* [SUPPLIED DATA]

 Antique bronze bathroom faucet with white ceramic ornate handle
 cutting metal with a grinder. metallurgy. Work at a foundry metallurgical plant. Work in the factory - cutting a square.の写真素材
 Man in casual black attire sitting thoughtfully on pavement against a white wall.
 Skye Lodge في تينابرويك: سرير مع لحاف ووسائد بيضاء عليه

* [WHAT IS NEEDED]
Show every line of the listing containing the string "with" by copying it.

* [RESULT FOR THIS EXERCISE]
 Antique bronze bathroom faucet with white ceramic ornate handle
 cutting metal with a grinder. metallurgy. Work at a foundry metallurgical plant. Work in the factory - cutting a square.の写真素材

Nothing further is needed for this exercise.